ADP Receptors and Clinical Bleeding Disorders

Cattaneo, Marco
Gachet, Christian

From the Angelo Bianchi Bonomi Hemophilia and Thrombosis Center (M.C.), IRCCS Ospedale Maggiore, University of Milano, Milano, Italy, and INSERM U.311 (C.G.), Etablissement de Transfusion Sanguine de Strasbourg, Strasbourg, France.

Received February 8, 1999; revision accepted March 11, 1999.

Correspondence to Marco Cattaneo, MD, Hemophilia and Thrombosis Center, University of Milano, Via Pace 9, 20122 Milano, Italy. E-mail [email protected]

Arteriosclerosis, Thrombosis, & Vascular Biology 19(10):p 2281-2285, October 1999.

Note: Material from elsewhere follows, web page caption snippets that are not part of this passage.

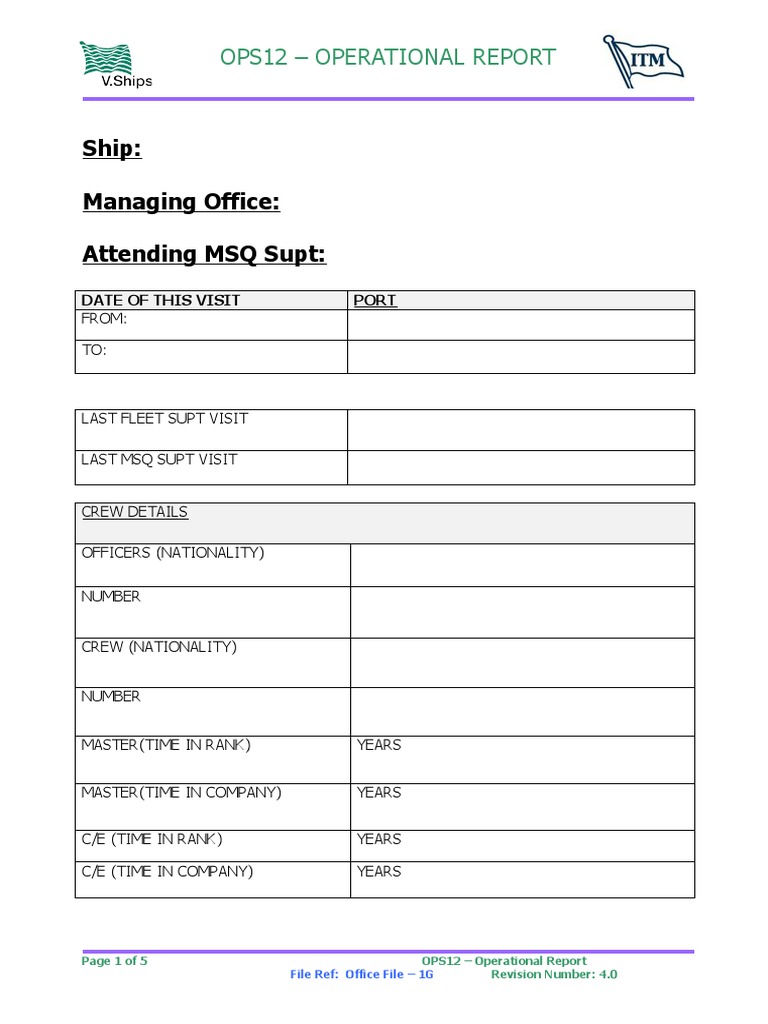 OPS12 Operational Assessment Summary | PDF | Water Transport | Shipping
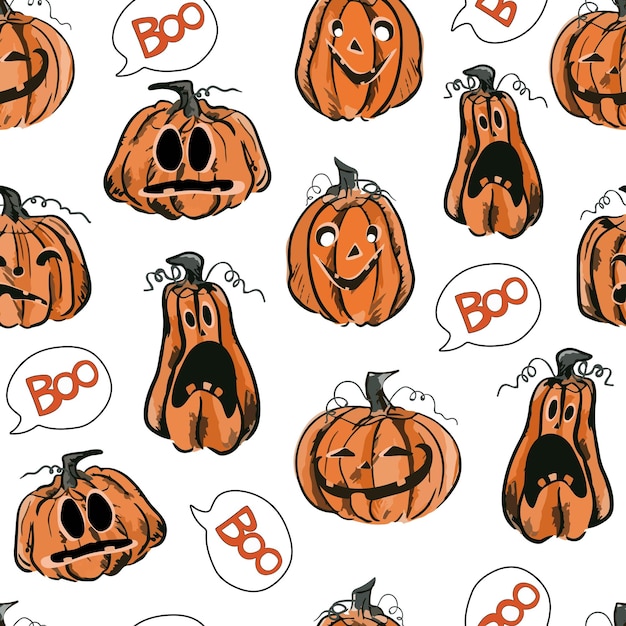 Pumpkin set on white background seamless pattern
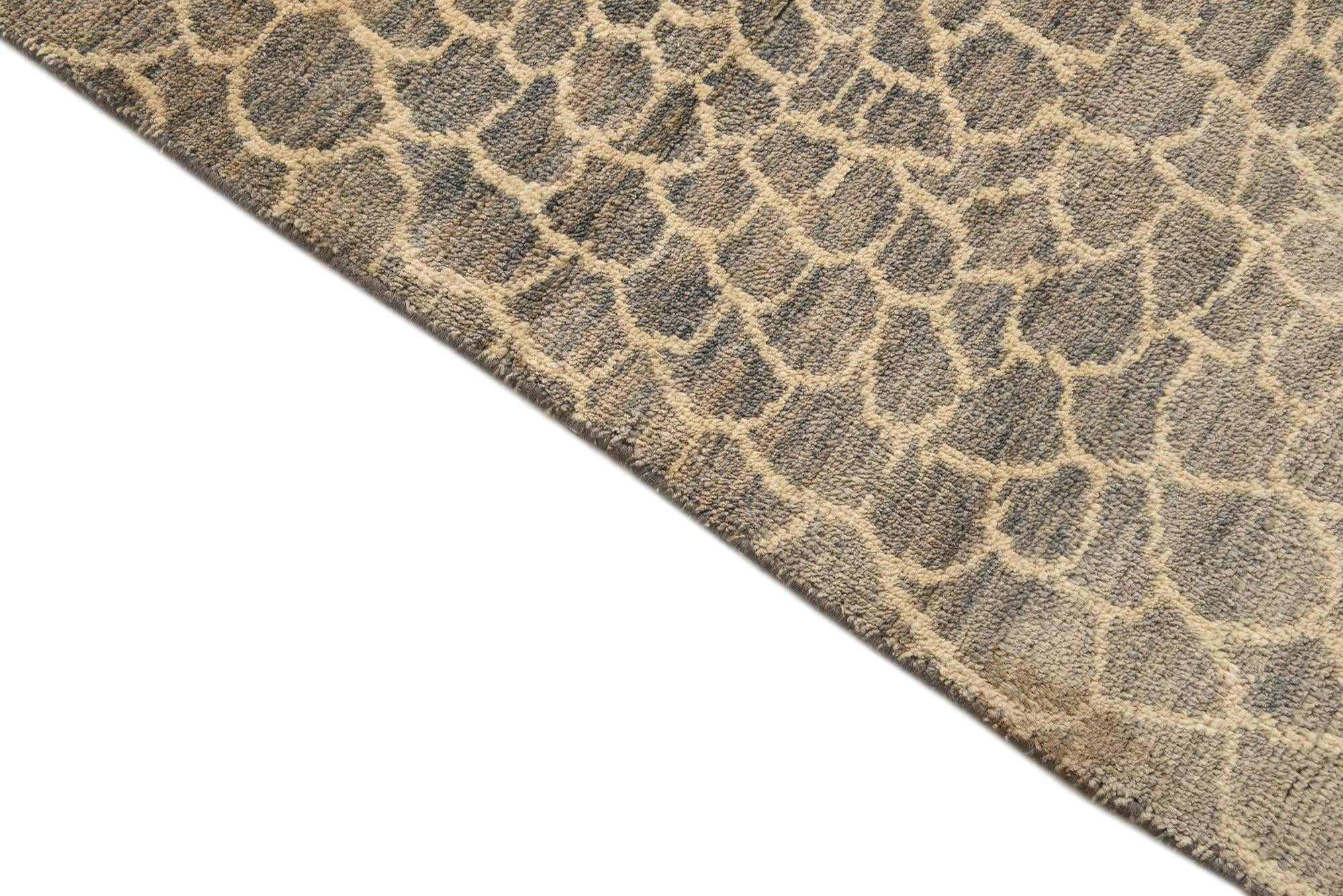 5' 6 x 8' Hand Knotted Moroccan Wool Rug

ADP plays a key role in hemostasis and thrombosis. Despite its early identification in 1961 as the first known aggregating agent, the molecular basis of ADP-induced platelet activation is only beginning to be understood. The present review proposes a model of 3 purinergic receptors contributing separately to the complex process of ADP-induced platelet aggregation: the P2X₁ ionotropic receptor, responsible for rapid influx of ionized calcium into the cytosol; the P2Y₁ metabotropic receptor, responsible for mobilization of ionized calcium from internal stores, which initiates aggregation; and an as-yet-unidentified P2Y receptor coupled to G_αi2, which is essential for the full aggregation response to ADP. It is probable that this as-yet-unidentified receptor is the molecular target of the ADP-selective antiaggregating drugs ticlopidine and clopidogrel. In addition, it is probably defective in patients with a bleeding diathesis that is characterized by selective impairment of platelet responses to ADP.